:: What you should do ::
Repeat exactly what runs from the line with "Name: GBPAUD (Daily) 2018_03_16.png" through the last line of the material, and keep the pictures out of it.
Supplied data Block Start
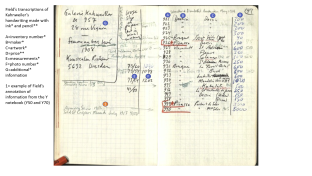 Pages O47 and O47bis of the O Notebook with identifications of Field’s transcriptions (blue letters) and annotations (orange number)	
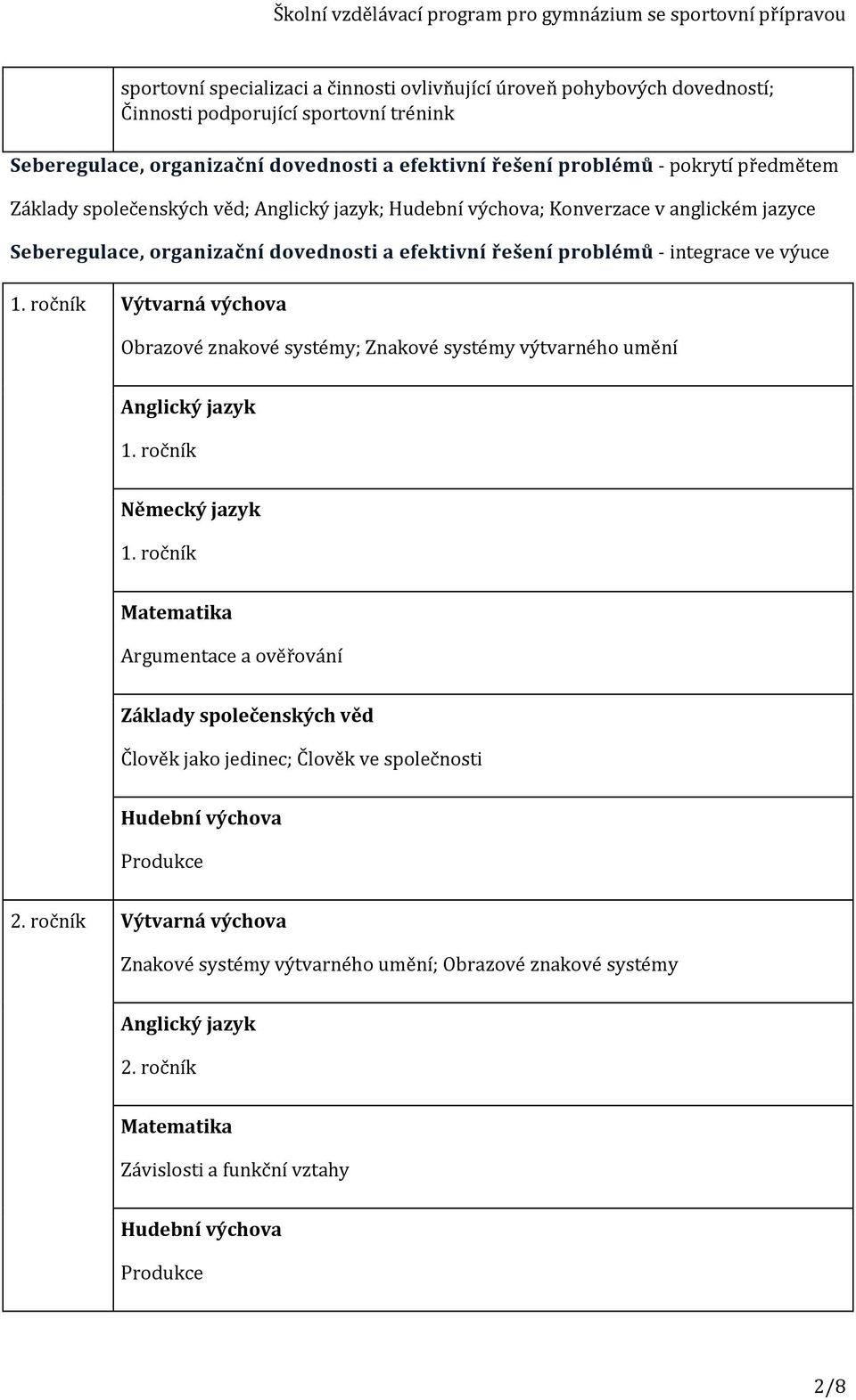 ročník Výtvarná výchova Obrazové znakové systémy; Znakové systémy výtvarného umění Anglický jazyk 1. ročník Německý jazyk 1.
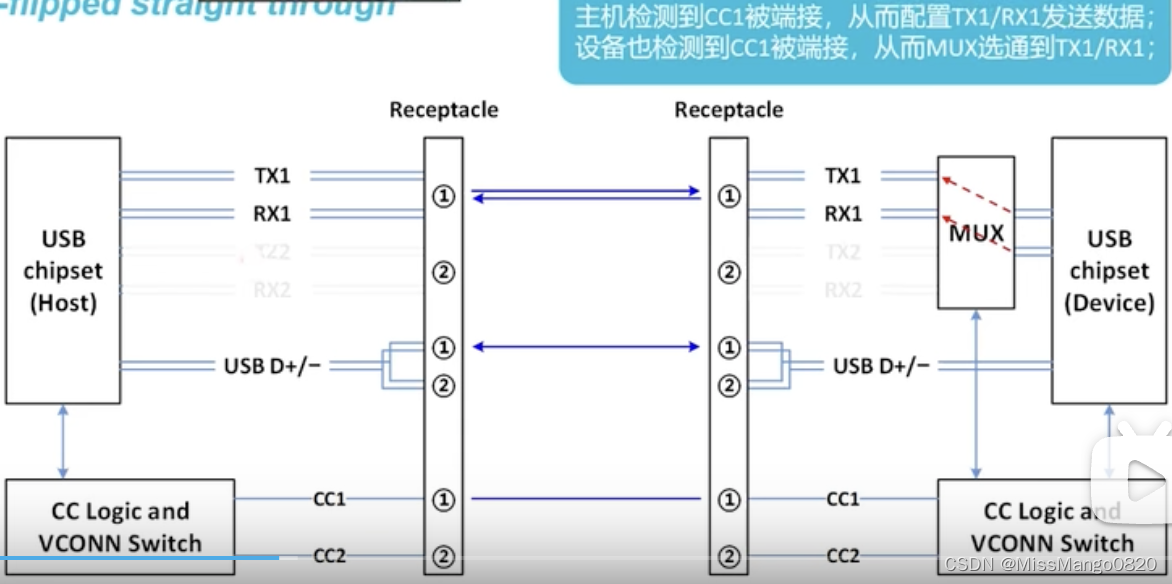USB | 2. 最新USB 4.0规范解析及一致性测试_usb4协议详解-CSDN博客
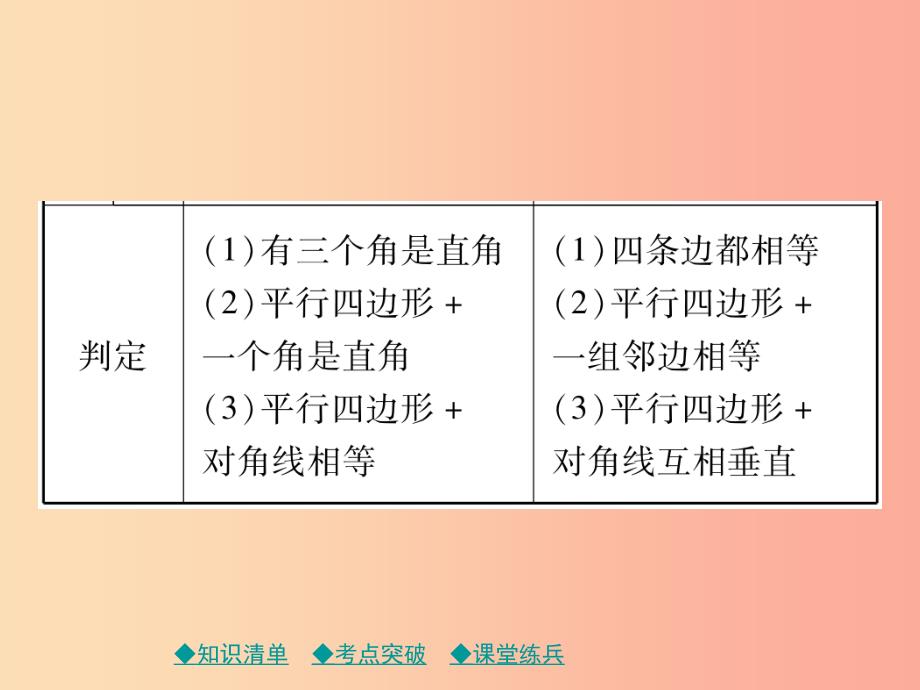 2019年中考数学总复习 第一部分 考点梳理 第四章 图形的性质 第23课时 矩形和菱形课件.ppt_第4页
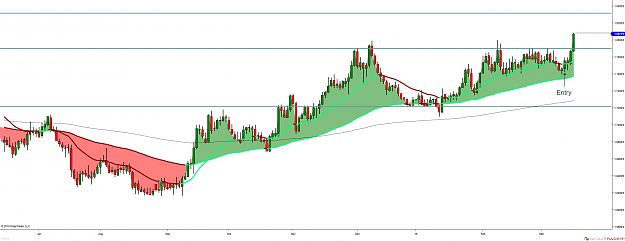 Click to Enlarge

Name: GBPAUD (Daily) 2018_03_16.png
Size: 108 KB
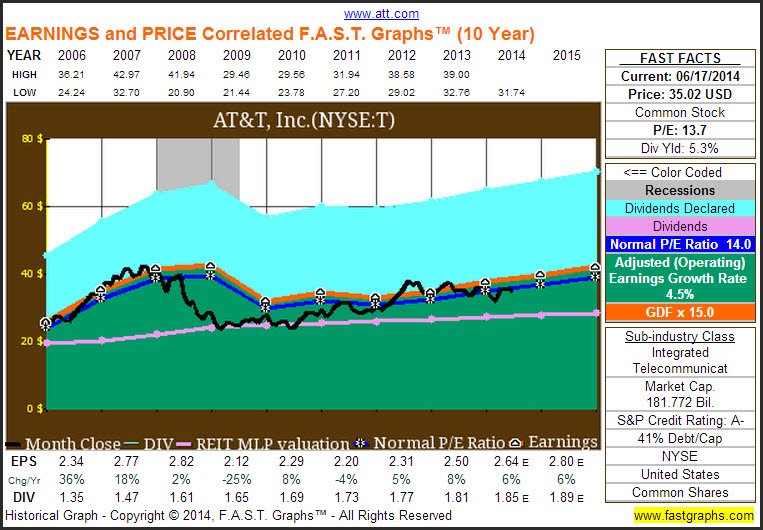T Earnings and Price: 10-Year Overview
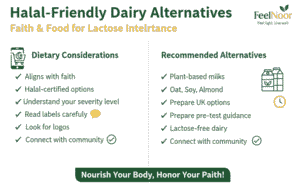 Halal-friendly-dairy-alternatives-faith-and-food-for-lactose-intolerance
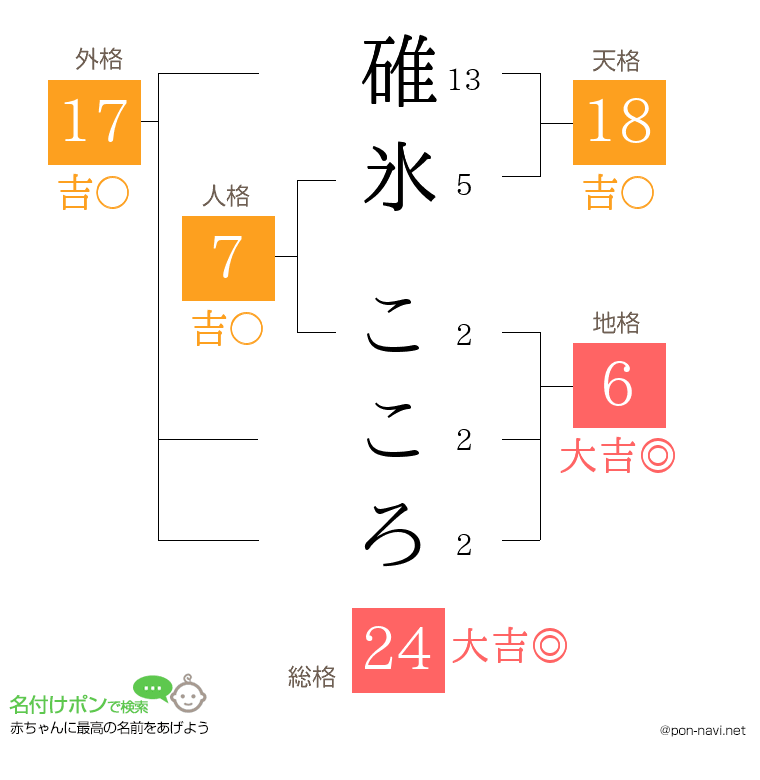碓氷 こころさんの姓名判断結果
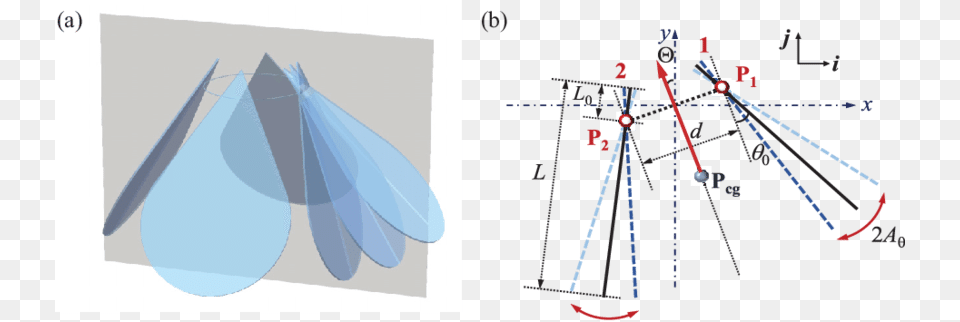 Schematic Diagram For The Jellyfishlike Ornithopter Diagram, Blade, Dagger, Knife, Weapon Free Transparent Png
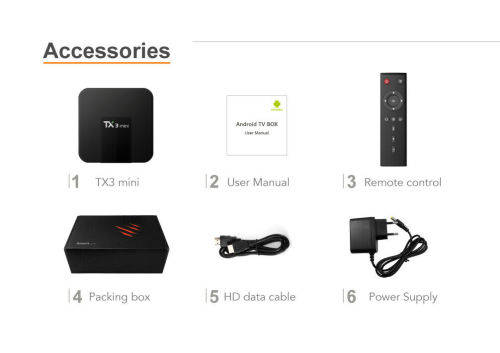 Tanix TX3 Mini Android 7.1 TV Box (2GB+16GB) **+ FREE Wireless Remote ** DSTV Now, Netfilx ,Showmax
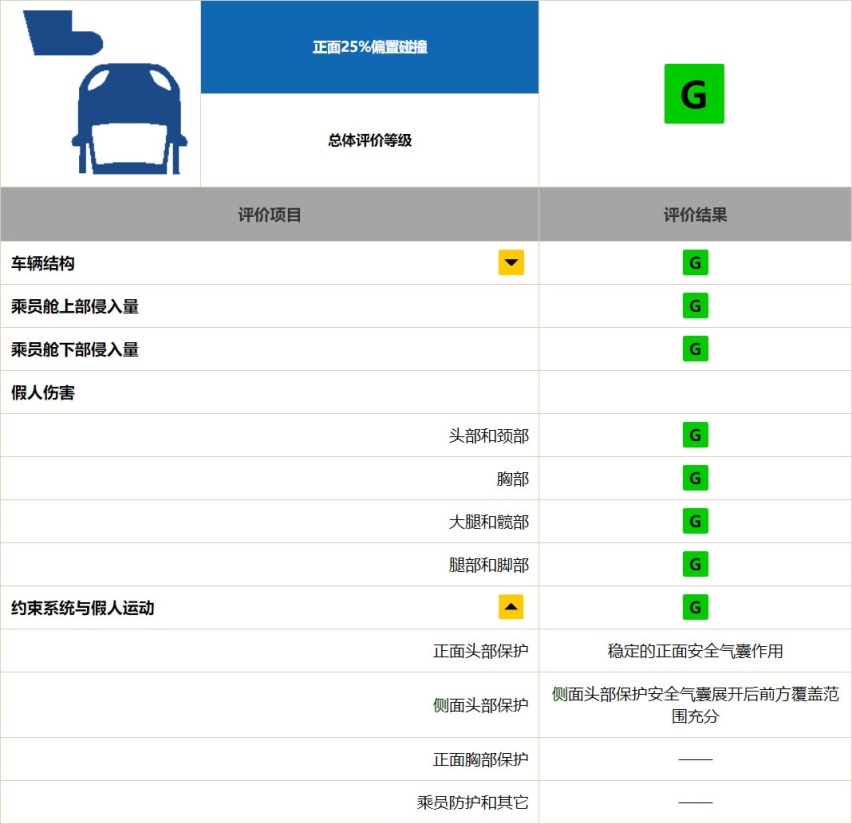 丰田RAV4中保研碰撞公布！有本田皓影安全吗？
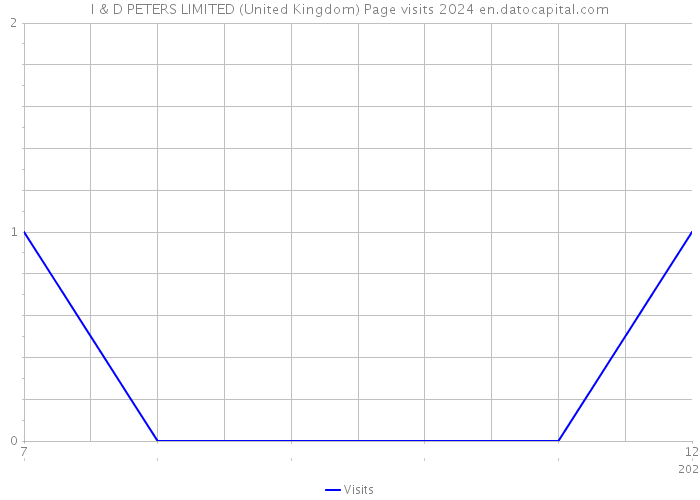 I & D PETERS LIMITED (United Kingdom) Page visits 2024 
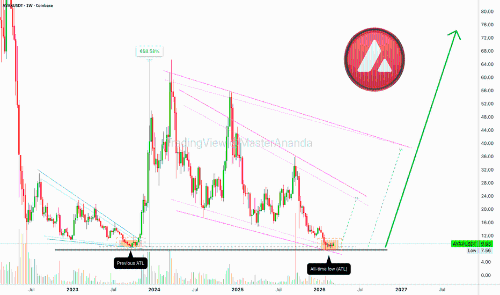 <span class='keyword'>Avalanch</span>e：历史最低点与 MACD 和 RSI（长期 666 美元）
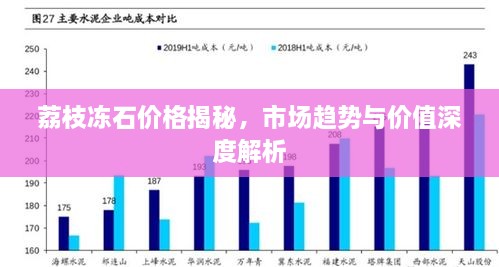 荔枝凍石價(jià)格揭秘，市場(chǎng)趨勢(shì)與價(jià)值深度解析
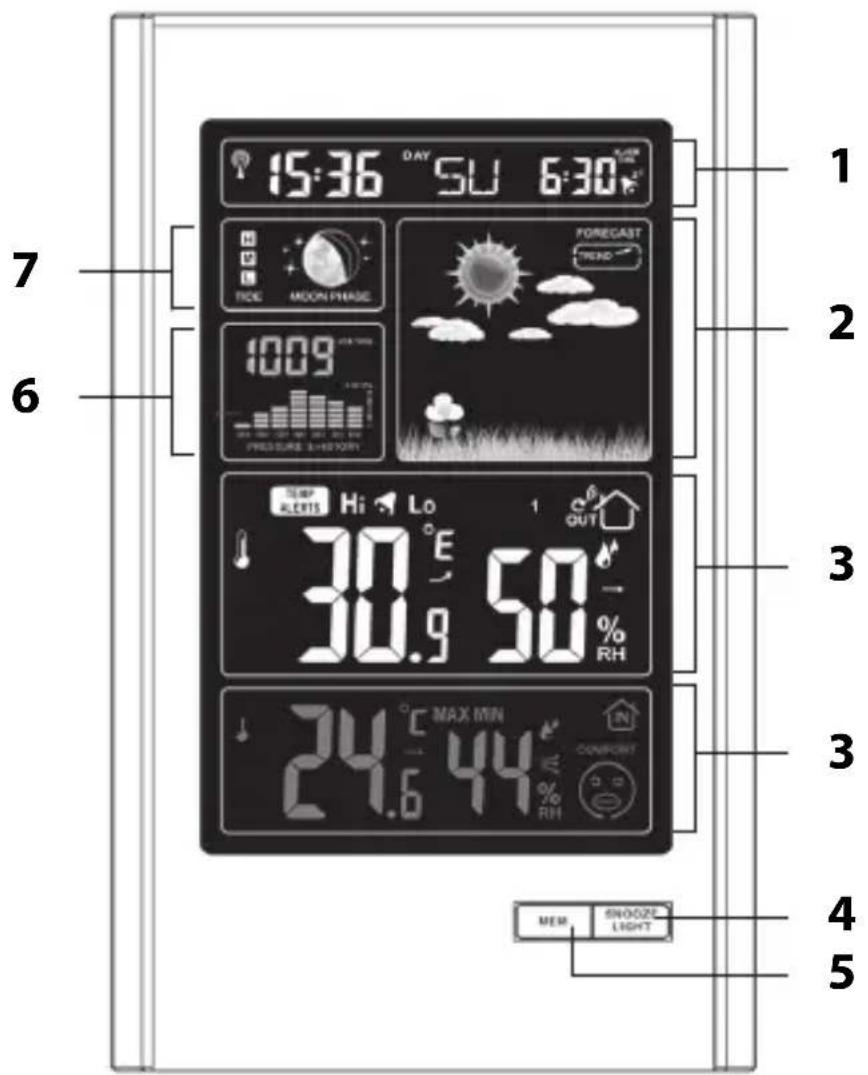 ADE WS 1600 - Front view - 1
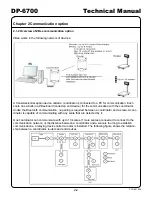 Предварительный просмотр 35 страницы Yamato DP-6700 Technical Manual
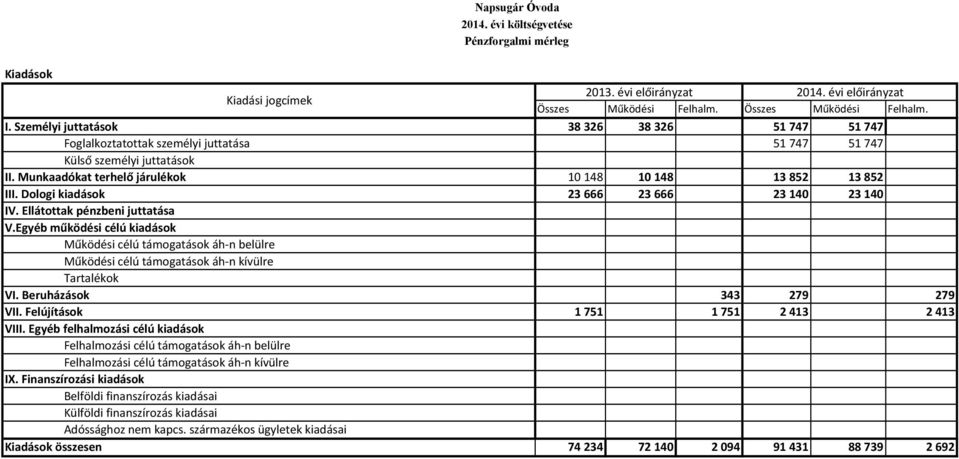 Dologi kiadások 23666 23666 23140 23140 IV. Ellátottak pénzbeni juttatása V.Egyéb működési célú kiadások Működési célú támogatások áh-n belülre Működési célú támogatások áh-n kívülre Tartalékok VI.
Supplied data Block End
:: Answer space ::
Name: GBPAUD (Daily) 2018_03_16.png
Size: 108 KB
T Earnings and Price: 10-Year Overview
 Halal-friendly-dairy-alternatives-faith-and-food-for-lactose-intolerance
碓氷 こころさんの姓名判断結果
 Schematic Diagram For The Jellyfishlike Ornithopter Diagram, Blade, Dagger, Knife, Weapon Free Transparent Png
 Tanix TX3 Mini Android 7.1 TV Box (2GB+16GB) **+ FREE Wireless Remote ** DSTV Now, Netfilx ,Showmax
 丰田RAV4中保研碰撞公布！有本田皓影安全吗？
 I & D PETERS LIMITED (United Kingdom) Page visits 2024 
 <span class='keyword'>Avalanch</span>e：历史最低点与 MACD 和 RSI（长期 666 美元）
 荔枝凍石價(jià)格揭秘，市場(chǎng)趨勢(shì)與價(jià)值深度解析
 ADE WS 1600 - Front view - 1
 Предварительный просмотр 35 страницы Yamato DP-6700 Technical Manual
 Dologi kiadások 23666 23666 23140 23140 IV. Ellátottak pénzbeni juttatása V.Egyéb működési célú kiadások Működési célú támogatások áh-n belülre Működési célú támogatások áh-n kívülre Tartalékok VI.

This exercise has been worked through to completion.